# Records supplied:
________________
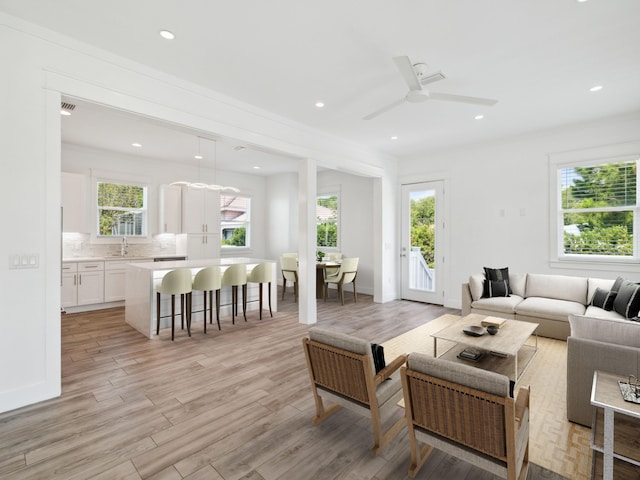 14 Bayshore Pines Ct, Miramar Beach, FL 32550 - living room featuring light wood-style floors, plenty of natural light, ceiling fan, recessed lighting, and baseboards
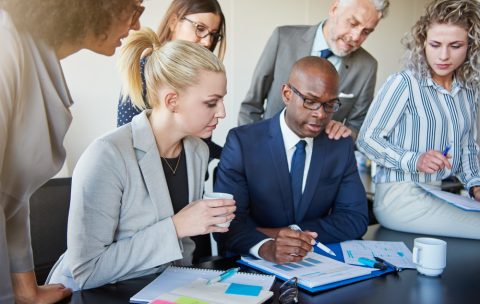Diverse group of executives discussing paperwork around a boardroom table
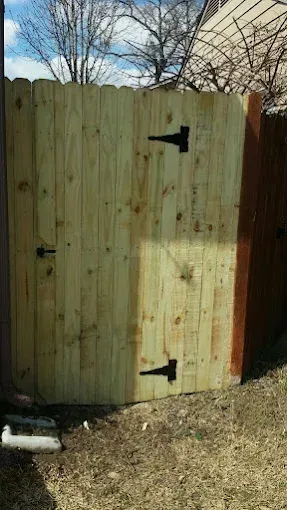 A new, light-colored wooden fence gate with black hinges installed against an older, dark wood fence.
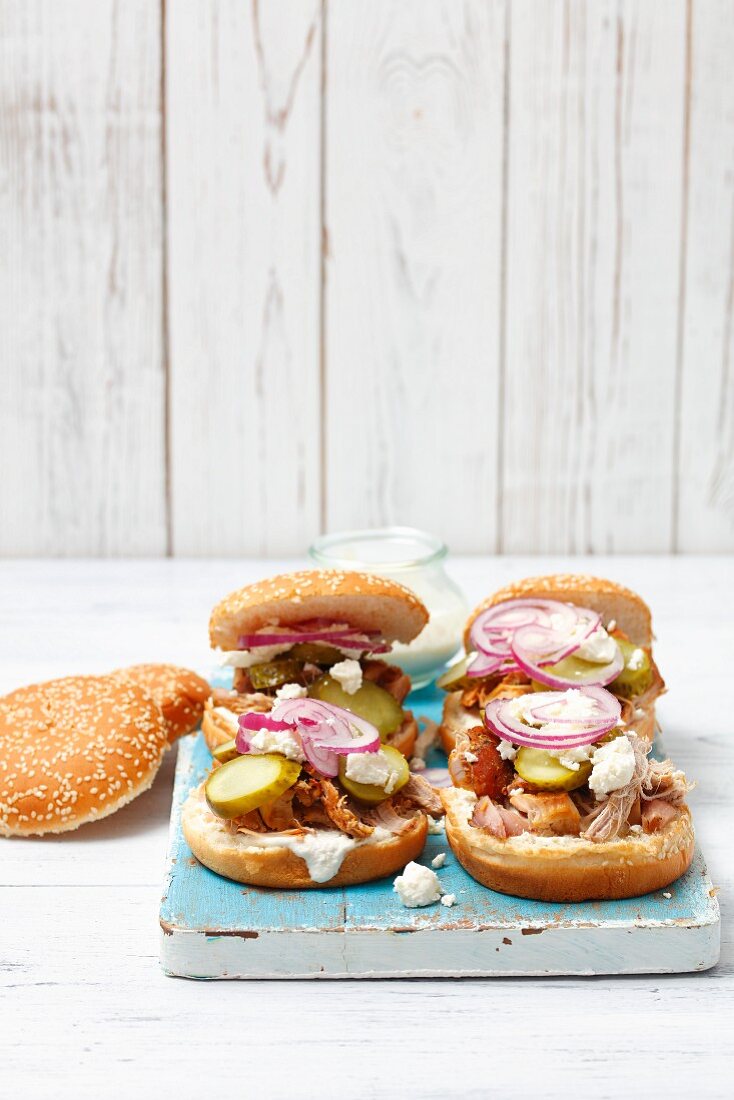 Burgers with pork, gherkins, horseradish cream sauce, red onions and feta cheese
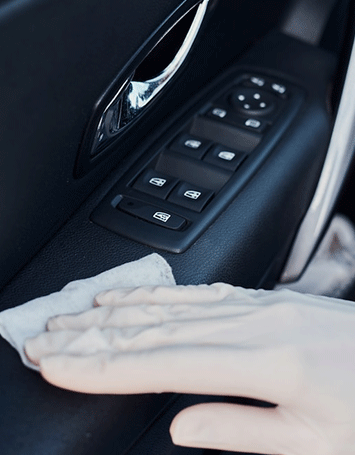 woman-gloves-cleaning-car-interi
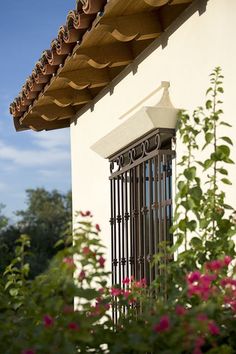 an iron window on the side of a white building with pink flowers in front of it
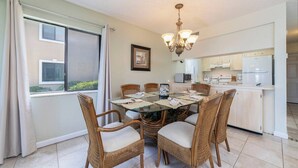 Uma sala de jantar com mesa de vidro, cadeiras de vime, um candelabro e uma cozinha ao fundo.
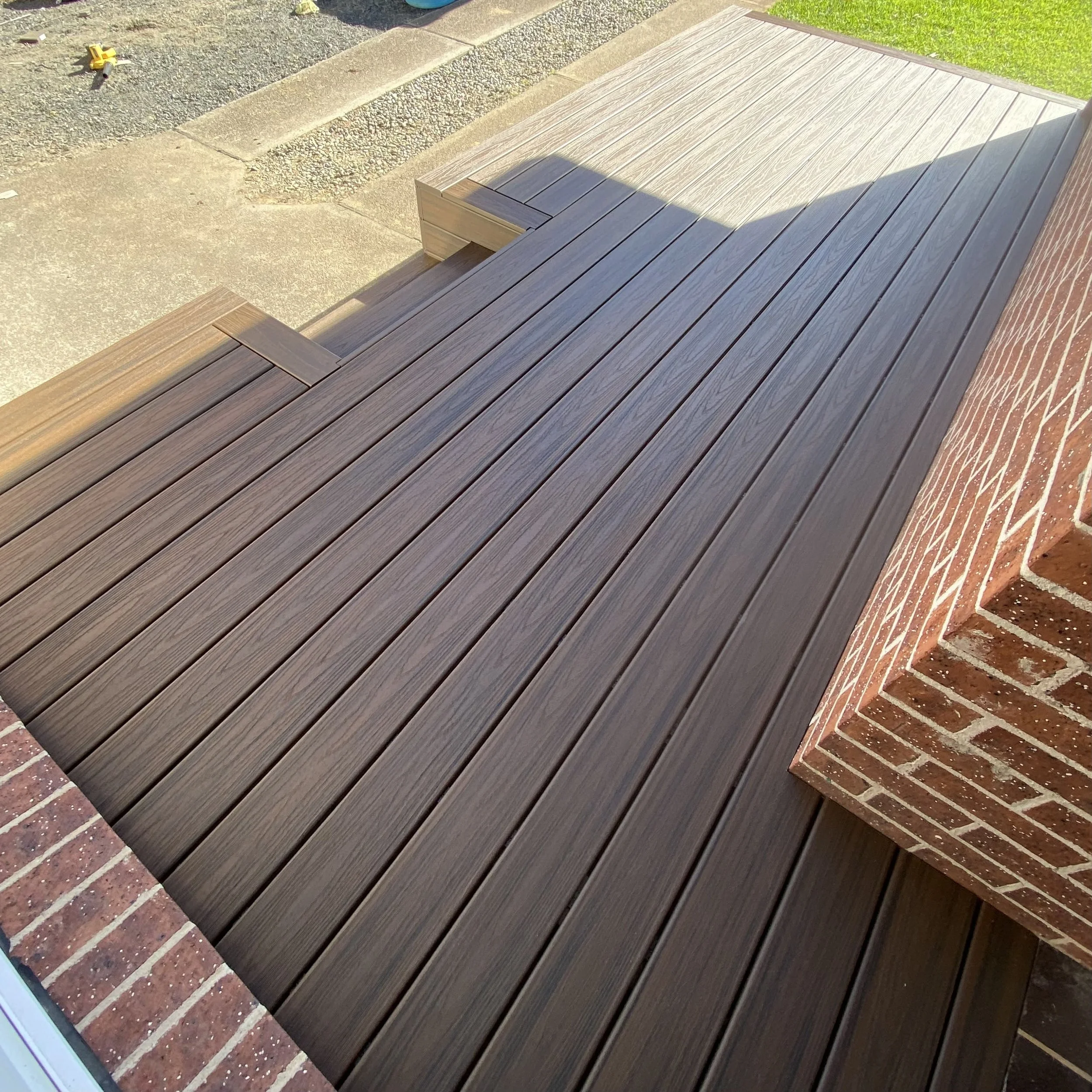 Trex deck in spiced rum beside a brick wall and concrete pavement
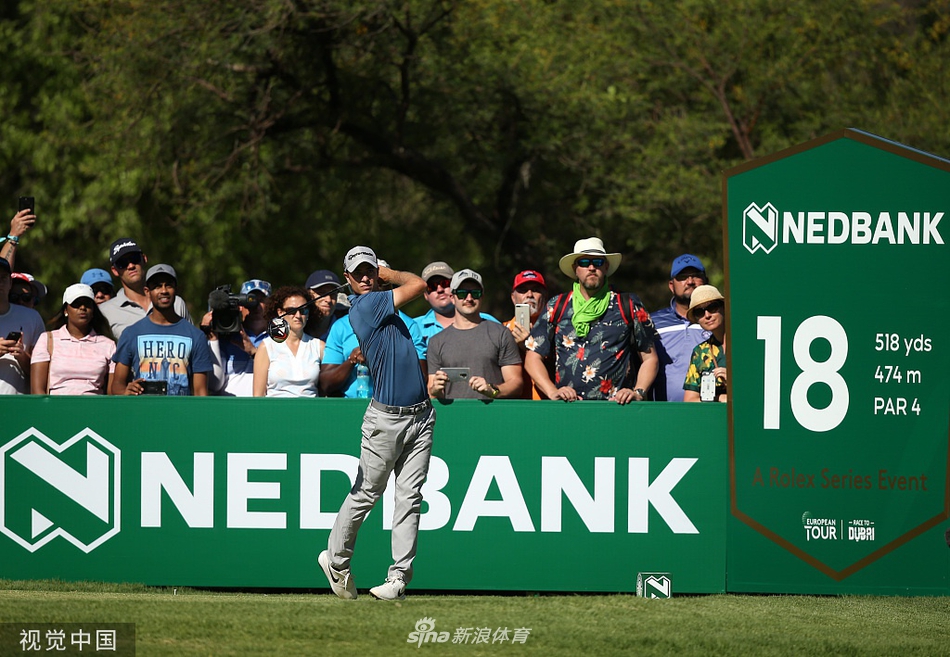 赛事观众聚集在果岭周边，聚精会神地观看球员推击，现场气氛宁静而紧张。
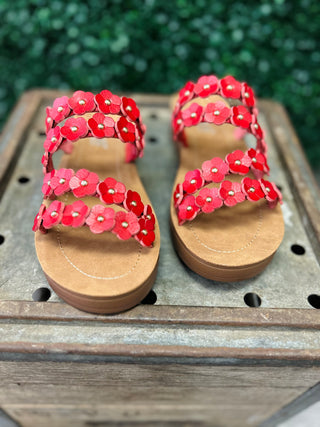 Red floral sandals with gold studs on wooden surface, featuring multiple flower-adorned straps and tan soles.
________________
# Task description:
Nothing but the lines from the line containing "A new, light-colored" through the last line of the records above should be written out, exactly and without the pictures.

# Task answer:
 A new, light-colored wooden fence gate with black hinges installed against an older, dark wood fence.
 Burgers with pork, gherkins, horseradish cream sauce, red onions and feta cheese
 woman-gloves-cleaning-car-interi
 an iron window on the side of a white building with pink flowers in front of it
 Uma sala de jantar com mesa de vidro, cadeiras de vime, um candelabro e uma cozinha ao fundo.
 Trex deck in spiced rum beside a brick wall and concrete pavement
 赛事观众聚集在果岭周边，聚精会神地观看球员推击，现场气氛宁静而紧张。
 Red floral sandals with gold studs on wooden surface, featuring multiple flower-adorned straps and tan soles.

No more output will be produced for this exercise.